Start of Dataset entries
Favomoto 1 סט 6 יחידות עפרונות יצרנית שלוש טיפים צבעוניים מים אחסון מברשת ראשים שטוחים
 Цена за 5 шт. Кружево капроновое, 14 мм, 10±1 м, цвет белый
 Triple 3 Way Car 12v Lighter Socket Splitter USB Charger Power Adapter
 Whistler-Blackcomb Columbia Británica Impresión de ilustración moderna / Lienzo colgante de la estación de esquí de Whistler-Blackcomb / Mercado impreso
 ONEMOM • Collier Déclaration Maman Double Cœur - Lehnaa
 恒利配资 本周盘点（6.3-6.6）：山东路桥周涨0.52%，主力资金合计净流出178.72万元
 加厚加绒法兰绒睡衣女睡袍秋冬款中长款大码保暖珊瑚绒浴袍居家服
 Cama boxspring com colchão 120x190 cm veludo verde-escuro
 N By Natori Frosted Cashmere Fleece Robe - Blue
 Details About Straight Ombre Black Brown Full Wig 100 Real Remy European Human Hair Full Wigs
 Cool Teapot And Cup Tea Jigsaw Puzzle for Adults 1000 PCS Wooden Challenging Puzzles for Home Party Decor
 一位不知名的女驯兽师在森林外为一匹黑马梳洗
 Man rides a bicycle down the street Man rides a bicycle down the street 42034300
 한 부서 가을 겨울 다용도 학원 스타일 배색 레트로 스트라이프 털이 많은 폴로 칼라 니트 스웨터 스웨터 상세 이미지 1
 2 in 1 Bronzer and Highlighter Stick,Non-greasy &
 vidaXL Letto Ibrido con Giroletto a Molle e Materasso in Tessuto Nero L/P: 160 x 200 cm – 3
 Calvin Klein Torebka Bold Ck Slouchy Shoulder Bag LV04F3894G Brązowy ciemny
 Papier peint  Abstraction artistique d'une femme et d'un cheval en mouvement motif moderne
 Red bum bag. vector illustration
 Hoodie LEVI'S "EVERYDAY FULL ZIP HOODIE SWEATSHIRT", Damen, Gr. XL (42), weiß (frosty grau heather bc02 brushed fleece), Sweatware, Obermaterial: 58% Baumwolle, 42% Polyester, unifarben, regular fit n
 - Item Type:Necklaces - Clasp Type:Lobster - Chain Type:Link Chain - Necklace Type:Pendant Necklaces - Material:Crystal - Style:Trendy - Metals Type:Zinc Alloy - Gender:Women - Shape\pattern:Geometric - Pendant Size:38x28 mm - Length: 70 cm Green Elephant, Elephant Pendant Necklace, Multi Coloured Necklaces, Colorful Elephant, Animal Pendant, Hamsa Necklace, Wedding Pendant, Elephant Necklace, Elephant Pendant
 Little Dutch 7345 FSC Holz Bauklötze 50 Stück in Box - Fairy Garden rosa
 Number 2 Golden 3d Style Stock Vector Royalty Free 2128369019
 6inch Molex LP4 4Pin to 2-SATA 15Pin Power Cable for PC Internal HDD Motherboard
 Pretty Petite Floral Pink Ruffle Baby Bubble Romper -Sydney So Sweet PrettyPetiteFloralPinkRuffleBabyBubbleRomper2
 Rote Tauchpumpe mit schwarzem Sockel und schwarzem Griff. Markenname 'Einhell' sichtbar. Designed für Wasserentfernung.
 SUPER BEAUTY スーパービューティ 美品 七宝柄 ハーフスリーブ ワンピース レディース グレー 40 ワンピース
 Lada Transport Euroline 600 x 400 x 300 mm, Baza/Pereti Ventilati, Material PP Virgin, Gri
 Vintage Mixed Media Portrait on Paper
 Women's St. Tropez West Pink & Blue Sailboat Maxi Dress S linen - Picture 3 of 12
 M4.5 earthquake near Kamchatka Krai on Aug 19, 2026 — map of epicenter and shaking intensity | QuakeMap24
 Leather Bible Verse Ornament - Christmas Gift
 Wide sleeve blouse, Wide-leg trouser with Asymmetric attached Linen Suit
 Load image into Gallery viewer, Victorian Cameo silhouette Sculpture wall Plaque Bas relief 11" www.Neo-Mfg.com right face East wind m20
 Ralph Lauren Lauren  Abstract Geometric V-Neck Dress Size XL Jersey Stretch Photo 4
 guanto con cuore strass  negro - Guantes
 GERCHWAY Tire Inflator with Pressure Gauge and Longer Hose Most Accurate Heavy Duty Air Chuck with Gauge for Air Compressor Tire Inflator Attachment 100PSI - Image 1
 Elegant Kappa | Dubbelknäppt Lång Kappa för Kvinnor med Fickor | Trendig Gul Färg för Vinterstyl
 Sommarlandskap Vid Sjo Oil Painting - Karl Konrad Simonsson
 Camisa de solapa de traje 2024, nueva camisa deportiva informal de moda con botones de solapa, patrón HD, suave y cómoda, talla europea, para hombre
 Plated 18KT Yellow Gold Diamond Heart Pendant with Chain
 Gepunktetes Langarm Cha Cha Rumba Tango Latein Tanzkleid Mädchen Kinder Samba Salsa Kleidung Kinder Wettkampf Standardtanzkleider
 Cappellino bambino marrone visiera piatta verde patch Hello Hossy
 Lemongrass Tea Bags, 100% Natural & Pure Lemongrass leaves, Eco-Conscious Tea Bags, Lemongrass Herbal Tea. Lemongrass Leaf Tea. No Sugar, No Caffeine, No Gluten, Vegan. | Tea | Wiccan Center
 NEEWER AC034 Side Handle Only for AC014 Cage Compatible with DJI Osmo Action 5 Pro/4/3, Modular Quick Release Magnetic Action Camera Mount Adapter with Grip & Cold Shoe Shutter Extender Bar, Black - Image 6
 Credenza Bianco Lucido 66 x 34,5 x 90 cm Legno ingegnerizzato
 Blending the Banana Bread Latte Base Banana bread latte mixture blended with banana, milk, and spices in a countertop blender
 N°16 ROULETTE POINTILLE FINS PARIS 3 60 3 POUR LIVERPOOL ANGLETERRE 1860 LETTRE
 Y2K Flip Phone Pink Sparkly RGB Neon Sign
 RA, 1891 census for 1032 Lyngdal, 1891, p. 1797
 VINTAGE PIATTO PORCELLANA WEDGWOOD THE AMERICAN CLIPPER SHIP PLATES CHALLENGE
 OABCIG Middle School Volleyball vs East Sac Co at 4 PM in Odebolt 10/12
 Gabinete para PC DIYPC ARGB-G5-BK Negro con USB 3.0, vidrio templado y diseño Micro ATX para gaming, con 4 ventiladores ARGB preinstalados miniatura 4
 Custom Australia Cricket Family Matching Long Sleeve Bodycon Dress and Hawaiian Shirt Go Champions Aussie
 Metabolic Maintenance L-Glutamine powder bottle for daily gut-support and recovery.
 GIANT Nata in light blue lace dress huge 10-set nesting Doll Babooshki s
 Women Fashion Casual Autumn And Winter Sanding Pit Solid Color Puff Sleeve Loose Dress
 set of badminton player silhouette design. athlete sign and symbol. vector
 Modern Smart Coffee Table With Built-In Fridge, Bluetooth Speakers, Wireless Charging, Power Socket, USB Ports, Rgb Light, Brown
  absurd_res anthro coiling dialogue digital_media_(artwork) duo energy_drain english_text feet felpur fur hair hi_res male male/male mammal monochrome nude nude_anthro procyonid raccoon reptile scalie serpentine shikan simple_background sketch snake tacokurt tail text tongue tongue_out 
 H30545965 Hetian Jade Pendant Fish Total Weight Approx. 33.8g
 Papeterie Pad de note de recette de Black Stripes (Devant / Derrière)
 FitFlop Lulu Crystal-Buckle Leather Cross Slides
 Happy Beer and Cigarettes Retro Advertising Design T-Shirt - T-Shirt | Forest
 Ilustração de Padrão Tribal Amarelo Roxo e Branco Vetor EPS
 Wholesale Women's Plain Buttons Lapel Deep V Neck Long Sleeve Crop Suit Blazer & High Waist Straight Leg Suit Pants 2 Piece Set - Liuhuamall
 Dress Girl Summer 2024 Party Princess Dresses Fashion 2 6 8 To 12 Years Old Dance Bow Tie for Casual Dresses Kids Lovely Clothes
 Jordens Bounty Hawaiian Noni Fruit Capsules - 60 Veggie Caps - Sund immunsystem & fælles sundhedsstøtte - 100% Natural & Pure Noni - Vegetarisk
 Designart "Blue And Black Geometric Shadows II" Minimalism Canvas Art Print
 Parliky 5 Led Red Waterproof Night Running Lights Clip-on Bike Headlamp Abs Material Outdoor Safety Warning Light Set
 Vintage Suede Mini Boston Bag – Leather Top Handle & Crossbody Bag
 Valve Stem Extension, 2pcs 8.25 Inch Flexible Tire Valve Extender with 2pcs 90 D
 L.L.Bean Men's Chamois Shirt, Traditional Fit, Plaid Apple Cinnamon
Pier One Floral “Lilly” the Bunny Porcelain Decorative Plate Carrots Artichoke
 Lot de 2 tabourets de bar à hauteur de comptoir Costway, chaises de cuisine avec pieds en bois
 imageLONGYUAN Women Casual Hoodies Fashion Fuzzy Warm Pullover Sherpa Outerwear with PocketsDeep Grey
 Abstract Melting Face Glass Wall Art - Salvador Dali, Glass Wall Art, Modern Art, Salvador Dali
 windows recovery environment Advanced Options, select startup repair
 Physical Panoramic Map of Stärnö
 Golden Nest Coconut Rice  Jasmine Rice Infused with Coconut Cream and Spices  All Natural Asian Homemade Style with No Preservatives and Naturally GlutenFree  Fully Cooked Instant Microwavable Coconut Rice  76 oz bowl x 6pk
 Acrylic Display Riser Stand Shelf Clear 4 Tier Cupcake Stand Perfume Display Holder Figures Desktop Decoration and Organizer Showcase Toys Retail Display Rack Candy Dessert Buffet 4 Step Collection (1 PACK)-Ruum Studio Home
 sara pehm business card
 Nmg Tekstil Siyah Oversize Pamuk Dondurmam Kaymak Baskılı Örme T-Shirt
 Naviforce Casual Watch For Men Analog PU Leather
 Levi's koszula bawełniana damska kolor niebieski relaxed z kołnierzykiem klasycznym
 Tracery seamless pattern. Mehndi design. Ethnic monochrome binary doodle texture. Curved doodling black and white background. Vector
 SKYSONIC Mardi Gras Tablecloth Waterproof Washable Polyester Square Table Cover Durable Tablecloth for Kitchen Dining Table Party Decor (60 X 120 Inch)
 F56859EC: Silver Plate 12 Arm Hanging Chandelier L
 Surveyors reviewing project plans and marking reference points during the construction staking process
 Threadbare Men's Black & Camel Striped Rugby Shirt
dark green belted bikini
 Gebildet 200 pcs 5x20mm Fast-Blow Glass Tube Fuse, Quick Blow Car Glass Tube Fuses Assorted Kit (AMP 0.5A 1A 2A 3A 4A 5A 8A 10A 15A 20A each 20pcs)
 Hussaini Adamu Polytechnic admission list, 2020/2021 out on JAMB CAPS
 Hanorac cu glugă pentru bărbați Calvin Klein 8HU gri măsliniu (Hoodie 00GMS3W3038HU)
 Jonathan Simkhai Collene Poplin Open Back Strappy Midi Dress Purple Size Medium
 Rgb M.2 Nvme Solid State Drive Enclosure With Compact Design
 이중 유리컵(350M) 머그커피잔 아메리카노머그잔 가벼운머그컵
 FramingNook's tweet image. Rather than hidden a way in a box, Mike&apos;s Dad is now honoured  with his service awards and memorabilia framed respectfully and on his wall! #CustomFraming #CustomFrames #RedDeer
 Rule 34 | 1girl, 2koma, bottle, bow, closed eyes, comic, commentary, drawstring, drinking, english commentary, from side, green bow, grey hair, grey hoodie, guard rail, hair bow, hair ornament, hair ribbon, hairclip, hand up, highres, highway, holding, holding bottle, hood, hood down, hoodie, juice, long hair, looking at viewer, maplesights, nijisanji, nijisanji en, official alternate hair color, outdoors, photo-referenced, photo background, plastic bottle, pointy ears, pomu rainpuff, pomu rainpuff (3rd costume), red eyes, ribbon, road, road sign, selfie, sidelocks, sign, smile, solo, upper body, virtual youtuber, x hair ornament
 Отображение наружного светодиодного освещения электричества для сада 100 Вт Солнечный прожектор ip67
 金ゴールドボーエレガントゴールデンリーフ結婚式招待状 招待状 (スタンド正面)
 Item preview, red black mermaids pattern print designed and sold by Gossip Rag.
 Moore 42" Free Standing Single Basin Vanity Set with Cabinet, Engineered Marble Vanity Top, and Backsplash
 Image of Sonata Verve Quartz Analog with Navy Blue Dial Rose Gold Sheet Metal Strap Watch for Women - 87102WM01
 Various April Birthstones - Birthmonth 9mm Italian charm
End of Dataset entries
● **What you will do**: Look above for the line with "Wholesale Women's Plain" and the line with "Abstract Melting Face". Write out those two lines and all the lines between them, exactly, and no others.

● **Exercise response**:
 Wholesale Women's Plain Buttons Lapel Deep V Neck Long Sleeve Crop Suit Blazer & High Waist Straight Leg Suit Pants 2 Piece Set - Liuhuamall
 Dress Girl Summer 2024 Party Princess Dresses Fashion 2 6 8 To 12 Years Old Dance Bow Tie for Casual Dresses Kids Lovely Clothes
 Jordens Bounty Hawaiian Noni Fruit Capsules - 60 Veggie Caps - Sund immunsystem & fælles sundhedsstøtte - 100% Natural & Pure Noni - Vegetarisk
 Designart "Blue And Black Geometric Shadows II" Minimalism Canvas Art Print
 Parliky 5 Led Red Waterproof Night Running Lights Clip-on Bike Headlamp Abs Material Outdoor Safety Warning Light Set
 Vintage Suede Mini Boston Bag – Leather Top Handle & Crossbody Bag
 Valve Stem Extension, 2pcs 8.25 Inch Flexible Tire Valve Extender with 2pcs 90 D
 L.L.Bean Men's Chamois Shirt, Traditional Fit, Plaid Apple Cinnamon
Pier One Floral “Lilly” the Bunny Porcelain Decorative Plate Carrots Artichoke
 Lot de 2 tabourets de bar à hauteur de comptoir Costway, chaises de cuisine avec pieds en bois
 imageLONGYUAN Women Casual Hoodies Fashion Fuzzy Warm Pullover Sherpa Outerwear with PocketsDeep Grey
 Abstract Melting Face Glass Wall Art - Salvador Dali, Glass Wall Art, Modern Art, Salvador Dali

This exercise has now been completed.